>>>

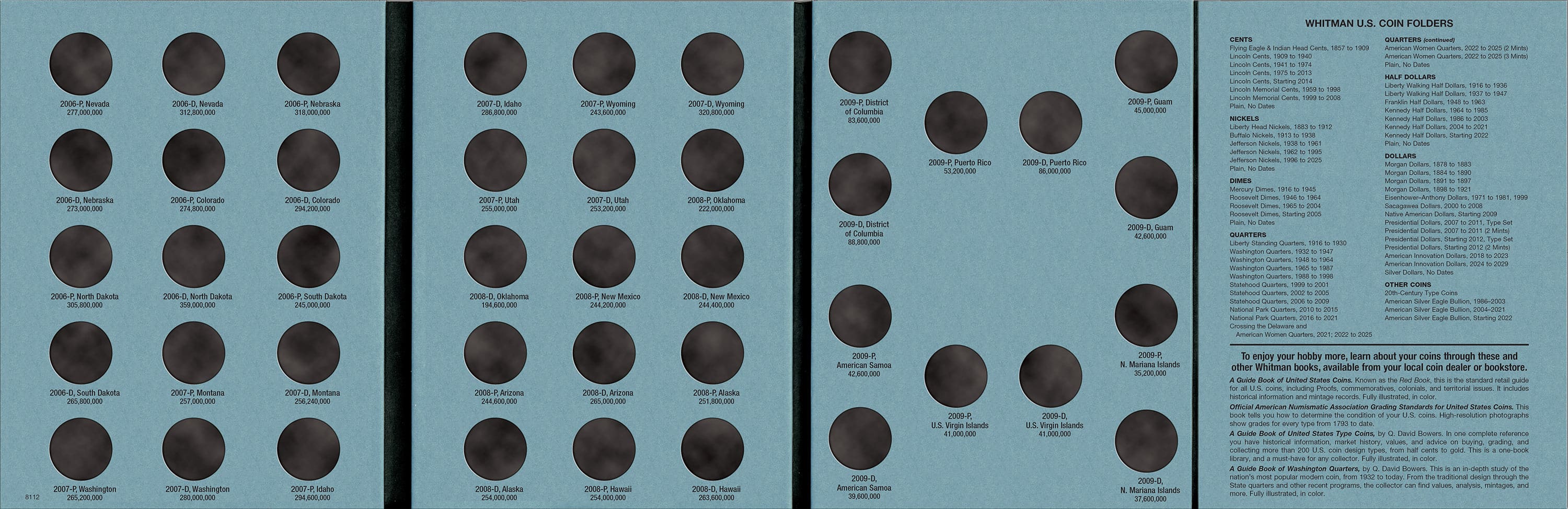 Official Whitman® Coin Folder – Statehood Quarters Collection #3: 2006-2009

<<<
>>>

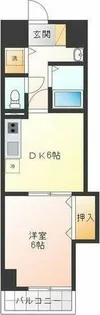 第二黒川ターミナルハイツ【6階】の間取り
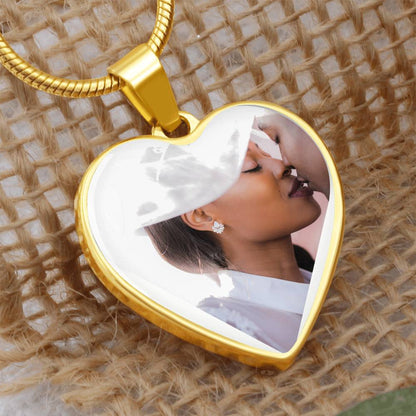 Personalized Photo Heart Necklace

<<<

** TASK GOAL **
The answer is the lines above from the one with "第二黒川ターミナルハイツ【6階】の間取り" to the one with "Personalized Photo Heart Necklace", set down exactly, with no pictures.

** SOLUTION FOR THIS PROBLEM **
 第二黒川ターミナルハイツ【6階】の間取り
 Personalized Photo Heart Necklace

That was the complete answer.